Nuestra fe no es hedonismo espiritual, no es una droga inmaterial que consumimos como si fuera un estupefaciente que nos evade del mundo, alejándonos de la realidad en un viaje intimista hacia una esfera superior donde “gozamos” de Dios lejos del mundanal ruido de la vida cotidiana.
Cuando convertimos nuestra fe en “escape”, en algo que nos separa de los demás y de todo lo que nos circunda, convertimos nuestra fe en una mística platónica, en una huida de este mundo a un mundo lejano donde situamos a Dios como si fuera un bondadoso extraterrestre que nada tiene que ver con la obra de sus manos, ni con sus hijos amados.
Es verdad que dice la Palabra: “ Nosotros no somos de este mundo”, pero no es un alegato contra el mundo presente y una propuesta de divorcio con la realidad, es una aseveración sobre la profundidad de nuestra labor y presencia en el mundo, acercándonos a la auténtica dimensión de vivir en este mundo, implicado hasta la médula en los avatares y preocupaciones de los hombres, nuestros hermanos, pero con la fe y la certeza de que todo tiene sentido en EL y de que todo se recapitula y llega a la plenitud en EL, de que la historia es historia de Salvación y que la muerte no será determinante ni el punto final de la historia de la humanidad. Es decir, Vida y Fe en una armonía cotidiana que nos convierte en discípulos de Jesús al servicio del mundo, encarnados en la realidad para transformarla y hacer nuevas todas las cosas.
Los cristianos hoy, en muchas ocasiones, nos estamos habituando a considerar nuestro mundo como algo ajeno a nuestra fe, como algo enfrentado a nuestra fe que amenaza nuestros valores, provocando en nosotros una reacción de atrincheramiento defensivo y retroceso que provoca aislamiento y “capillismo”.

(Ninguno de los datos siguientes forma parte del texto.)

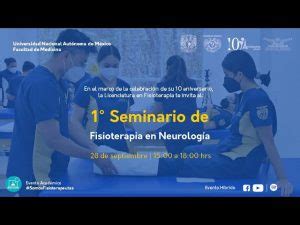 Beneficios De La Fisioterapia Neurologica Para Personas Con Trastornos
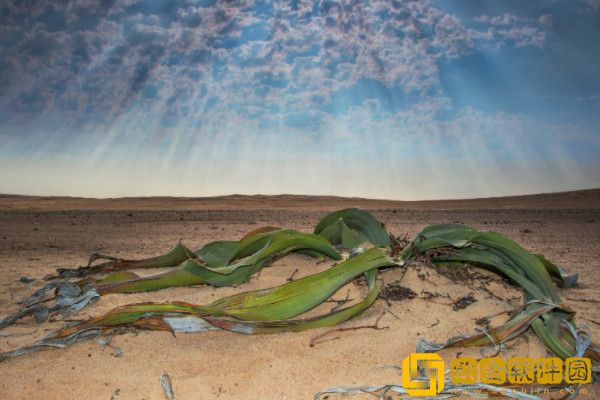 世上最稀奇的植物排名_图片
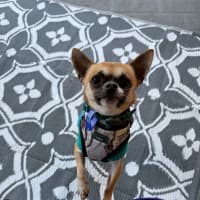 Photo of Ardie   1.5 Year Old Chihuahua
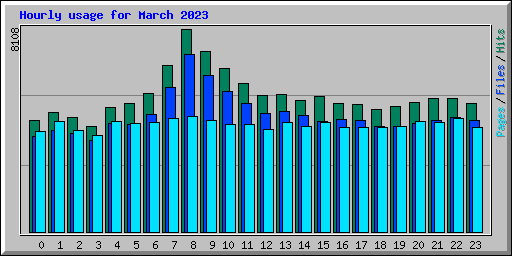 Hourly usage for March 2023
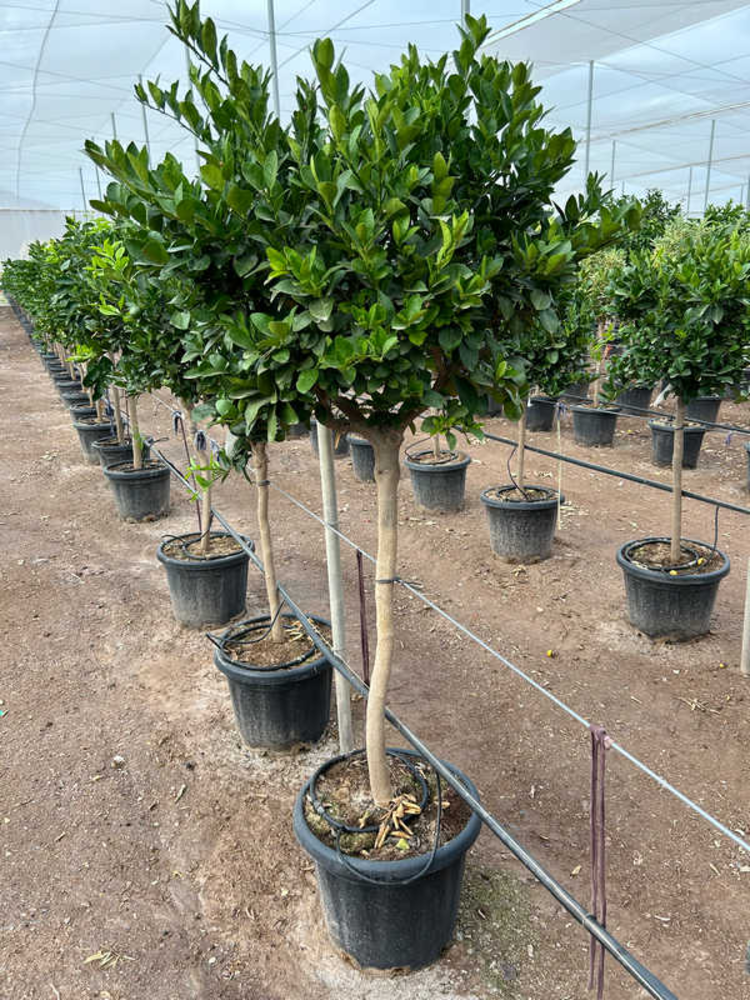 Citrus Persia.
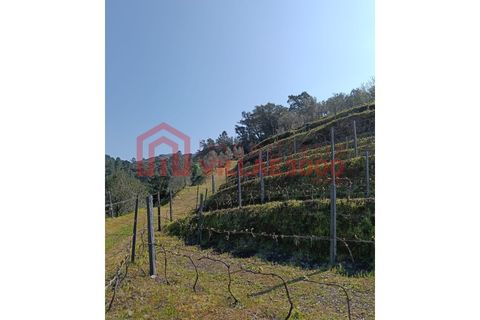 Farm i Vila Real, Vila Real, Vila Real - € 170.000 | Ref: FIN_511 - foto 23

Tal vez porque hemos sufrido la incomprensión de los no creyentes, estamos tratando de cultivar una relación más personal con Dios, que siempre es necesaria, pero poco evangélica si esta relación con Dios no implica entregarse a la misión de Jesús. Nos estamos retirando al “mundo” de nuestra conciencia personal. Y con esa retirada, estamos haciendo más difícil la fe de los demás. Con nuestra actitud, de silenciar a Dios, lo estamos escondiendo y cuando Dios está ausente del mundo, el mundo se hace cada vez más inhumano.
Por eso cuando nos refugiamos en nuestras casas, en nuestros corazones, para defender mejor nuestra fe, perdemos la fe y el mundo perderá a nuestro Dios. Cuando consideremos nuestra sociedad, nuestro trabajo, nuestro hogar…, como lugares de misión, entonces nuestro Dios tendrá un puesto en ellos y nosotros seremos allí sus testigos. En esta encrucijada se cuece la felicidad y la esperanza de mucha gente que depende de nuestra generosidad y entrega de discípulo.
La fe es un reto y una decisión, una actitud vital, una forma de situarse activamente y afrontar la vida con intensidad y valor. La fe se funde con la solidaridad y se mezcla con el compromiso por la justicia social convirtiéndose en una vital fuente de energía generosa que se transmite y que prende la tierra de fraternidad e igualdad.
Así, nuestra fe es entendida como apuesta por la revolución del amor y de la fraternidad, como conquista diaria, y como opción personal por ser feliz y hacer felices a los que nos rodean. La esperanza de un mundo nuevo, la consecución del proyecto de la nueva humanidad depende de nuestro compromiso solidario.